Ritrovare se stessi, senza dover necessariamente indossare una maschera, in una società che predilige l’apparenza all’essenza, appare alle volte estremamente difficile…

Ritrovare se stessi, senza dover necessariamente indossare una maschera, in una società che predilige l’apparenza all’essenza, appare alle volte estremamente difficile, alle volte sconveniente.
Si tende, infatti, alla ricerca di consensi e per compiacere gli altri, di conformarsi, omologandosi ad una società che troppo spesso spinge i giovani a vivere un’esistenza priva di significato, attraverso quel sovvertimento di valori che determina un impoverimento emotivo, dimenticando chi si è veramente, non distinguendo più la realtà dalla finzione.
Si realizza, pertanto, una vera e propria pubblicizzazione dell’intimità, esibendo senza pudore i propri sentimenti.
“Brutto segno. Perché questo significa che sono crollate le pareti che consentono di distinguere l’interiorità dall’esteriorità, la parte ‘discreta’, ‘singolare’, ‘privata’, ‘intima’ di ciascuno di noi dalla sua esposizione e pubblicizzazione. Se infatti chiamiamo ‘intimo’ ciò che si nega all’estraneo per concederlo a chi si vuol fare entrare nel proprio segreto profondo e spesso ignoto a noi stessi, allora il pudore, che difende la nostra intimità, difende anche la nostra libertà”, queste le parole del filosofo, saggista e psicoanalista Umberto Galimberti, attraverso le quali coglie l’occasione per esprimere il suo pensiero.
Il pudore ci consente di decidere il grado di apertura o di chiusura verso l’altro, per cui si può mettere a nudo il proprio corpo senza mai però mettere a nudo la propria anima.
Si è irrimediabilmente esposti e quindi attraverso il pudore si cerca di preservare la propria soggettività, intimità, discrezione.
Tuttavia sempre più spesso si predilige la pubblicizzazione dell’intimo, “perché in una società consumistica, dove le merci per essere prese in considerazione devono essere pubblicizzate, si propaga un costume che contagia anche il comportamento dei giovani, i quali hanno la sensazione di esistere solo se si mettono in mostra, per cui, come le merci, il mondo è diventato una mostra, un’esposizione pubblica che è impossibile non visitare perché comunque ci siamo dentro”, così continua la disamina il filosofo, senza esitazione ma con determinazione.
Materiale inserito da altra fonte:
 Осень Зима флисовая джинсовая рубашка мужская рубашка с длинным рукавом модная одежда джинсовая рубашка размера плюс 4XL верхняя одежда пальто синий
Chi non si esibisce, chi non si mette in mostra, non esiste perché ciò che conta davvero è apparire e quindi si mettono in mostra anche i sentimenti, le emozioni, la propria interiorità, così omologandosi alla massa, attraverso una spudoratezza che viene acclamata quale espressione di sincerità.
“Questo significa ‘Non aver nulla da nascondere, nulla di cui vergognarsi’. Significa che le istanze del conformismo e dell’omologazione lavorano per portare alla luce ogni segreto, per rendere visibile ciascuno a ciascuno, per toglier di mezzo ogni interiorità come impedimento, ogni riservatezza come un tradimento, per apprezzare ogni volontaria esibizione di sé come fatto di lealtà se non addirittura di salute psichica”, in tal modo conclude la sua disamina il filosofo.
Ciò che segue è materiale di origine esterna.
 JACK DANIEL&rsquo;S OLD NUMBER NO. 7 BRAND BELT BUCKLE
Ecco allora la necessità di rivendicare il proprio diritto al pudore proprio perché molti giovani scambiano la loro identità con la pubblicità dell’immagine, avendo la sensazione di esistere solo se si mettono in mostra, esibendo senza preoccupazione anche i loro sentimenti, così privandosi della loro vera essenza, dimenticando chi sono realmente, non riuscendo più a custodire la propria interiorità, mettendo a nudo quell’anima che dovrebbe invece essere gelosamente custodita.
Occorre, quindi, che i giovani si riapproprino della loro identità, rivendicando l’unicità e la specialità di ciascun individuo, ritrovando una propria dimensione intima da preservare, non conformandosi ad una società che vorrebbe solo manipolarli ma riconoscendo le proprie capacità, coltivandole e facendole fiorire secondo misura.